Basic DMA test program for the Pico
I’ve never used DMA before so wrote this simple program for a Pico (based heavily on pico-examples/dma/hello_dma.c) to test the speed of a DMA transfer, how much work can be done during that transfer, and compare that to a memcpy of the same data.
- First it does a DMA transfer of a chunk of memory, 4 bytes at a time.
- As this is DMA, the CPU is free during the transfer, so the CPU does some work (counts up).
- Then it does the same size memcpy, but this time doesn’t have time to do any counting.
Build
From the root of this repo:
cmake .
make -j 4 dma
Install
With your pico attached in BOOTSEL mode (as device sdx):
./flash-pico.sh sdx dma/dma.uf2
Test
Connect a serial terminal, for example:
minicom -o -D /dev/ttyACM0
You should see output like the following:
DMA: DMA transfer of 16384 32-bit values took 132us, CPU counted to: 2048
DMA: memcpy of 65536 bytes took 479us, CPU didn't have time to count
I make 132us to be 16,500 clock cycles (at 125MHz) which makes sense as the DMA transfer will take a minimum of 16,384 clock cycles (one cycle per 32-bit chunk), plus some overhead (not least because in dma_channel_configure some stuff is done before the DMA transfer is started).
During 16,500 clock cycles, the CPU counts to 2048. That’s around 8 clock cycles per count. The assembler the compiler is generating for this counting while loop is, I think:
1000037e: 2201 movs r2, #1
10000380: 4694 mov ip, r2
10000382: 681a ldr r2, [r3, #0]
10000384: 44e1 add r9, ip
10000386: 420a tst r2, r1
10000388: d1f9 bne.n 1000037e <main+0x76>
I make:
- MOVS 1 cycle
- MOV 1 cycle
- LDR 2 cycles
- ADD 1 cycle
- TST 1 cycle
- BNE.n 2 cycles (as branch taken)
So 8 cycles.
The Code
#include <stdio.h>
#include <string.h>
#include "pico/stdlib.h"
#include "hardware/dma.h"
#define COUNT 4*4096
uint32_t src[COUNT];
uint32_t dst[COUNT];
int main() {
uint64_t time1, time2, time3;
int ticks;
dma_channel_config config;
stdio_init_all();
// Initialize src data to something
memset(src, 0, COUNT*sizeof(src[0]));
while (1)
{
// Get a free DMA channel - this function will panic if there are none
// free
int chan = dma_claim_unused_channel(true);
// Do 32-bit transfers, as these are quicker than 8-bit (as 32-bits
// can be copied in 1 cycle, as opposed to 8)
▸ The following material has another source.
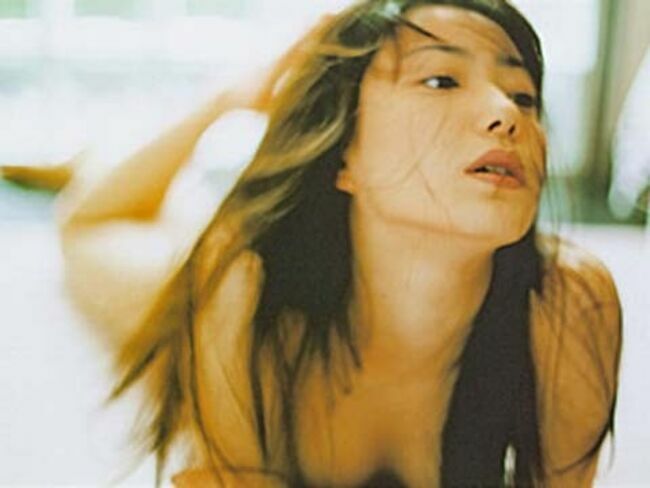 菅野美穂のフルヌード画像41枚 写真集『NUDITY』の乳首・ヘア解禁ショットまとめのサムネイル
config = dma_channel_get_default_config(chan);
channel_config_set_transfer_data_size(&config, DMA_SIZE_32);
channel_config_set_read_increment(&config, true);
channel_config_set_write_increment(&config, true);
// We'll use ticks for the CPU to count while the DMA transfer takes place
ticks=0;
time1=time_us_64();
// Start the DMA transfer
dma_channel_configure(chan,
&config,
dst,
src,
COUNT,
true);
// While the DMA transfer is taking place, count up
while (dma_channel_is_busy(chan))
{
ticks++;
}
time2=time_us_64();
// Cleanup and free the DMA channel (we should be allocated channel 0
// again the next time around as nothing else will be allocating DMA
// channels).
dma_channel_cleanup(chan);
dma_channel_unclaim(chan);
// Print out DMA results
time3=time2-time1;
printf("DMA: DMA transfer of %d 32-bit values took %lluus, CPU counted to: %d\n", COUNT, time3, ticks);
// Now do the equivalent memcpy
time1=time_us_64();
memcpy(dst, src, COUNT*sizeof(src[0]));
time2=time_us_64();
// Print out memcpy results
time3=time2-time1;
printf("DMA: memcpy of %d bytes took %lluus, CPU didn't have time to count\n", COUNT*sizeof(src[0]), time3);
// Pause and then do it again
sleep_ms(1000);
}
}